- [Problem requirements] Please output exactly the lines below, starting at the line that has "穿着运动服在家用哑铃和弹力带锻炼的年轻女人图片素材" and ending at the line that has "19th century Pair", both included; leave out all pictures and include nothing else.

- [Entries supplied]

::::

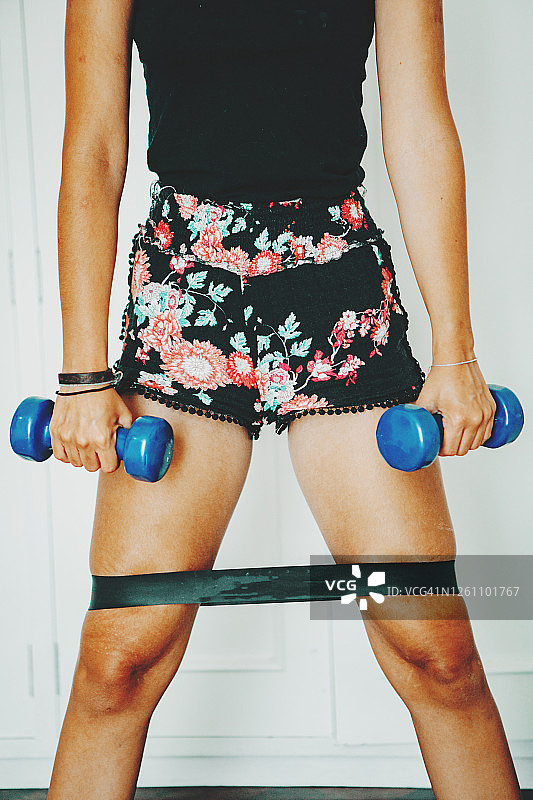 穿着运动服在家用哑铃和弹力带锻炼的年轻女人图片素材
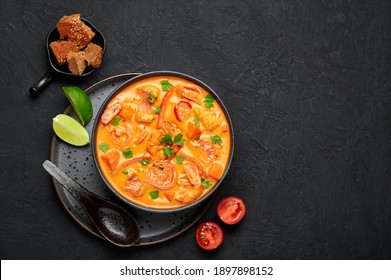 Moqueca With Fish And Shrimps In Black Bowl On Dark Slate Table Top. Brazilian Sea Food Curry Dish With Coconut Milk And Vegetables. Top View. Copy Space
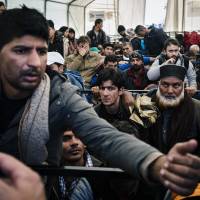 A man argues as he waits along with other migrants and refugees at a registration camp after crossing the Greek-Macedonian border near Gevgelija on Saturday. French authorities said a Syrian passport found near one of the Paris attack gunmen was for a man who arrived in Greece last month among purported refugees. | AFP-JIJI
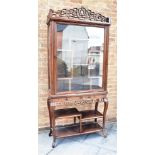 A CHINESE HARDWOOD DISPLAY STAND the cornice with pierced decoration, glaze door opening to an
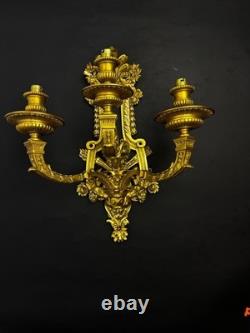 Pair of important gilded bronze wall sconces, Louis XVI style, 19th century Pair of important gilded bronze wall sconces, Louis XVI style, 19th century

::::

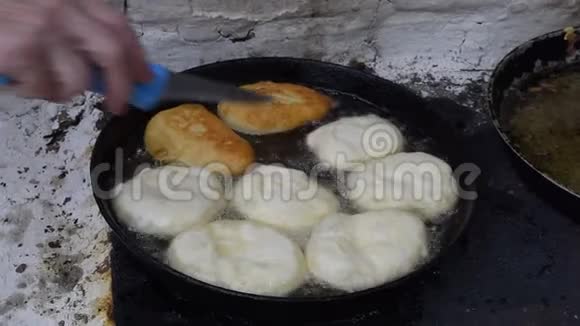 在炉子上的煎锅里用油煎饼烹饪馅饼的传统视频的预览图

::::

- [Solution]
 穿着运动服在家用哑铃和弹力带锻炼的年轻女人图片素材
 Moqueca With Fish And Shrimps In Black Bowl On Dark Slate Table Top. Brazilian Sea Food Curry Dish With Coconut Milk And Vegetables. Top View. Copy Space
 A man argues as he waits along with other migrants and refugees at a registration camp after crossing the Greek-Macedonian border near Gevgelija on Saturday. French authorities said a Syrian passport found near one of the Paris attack gunmen was for a man who arrived in Greece last month among purported refugees. | AFP-JIJI
 A CHINESE HARDWOOD DISPLAY STAND the cornice with pierced decoration, glaze door opening to an
 Pair of important gilded bronze wall sconces, Louis XVI style, 19th century Pair of important gilded bronze wall sconces, Louis XVI style, 19th century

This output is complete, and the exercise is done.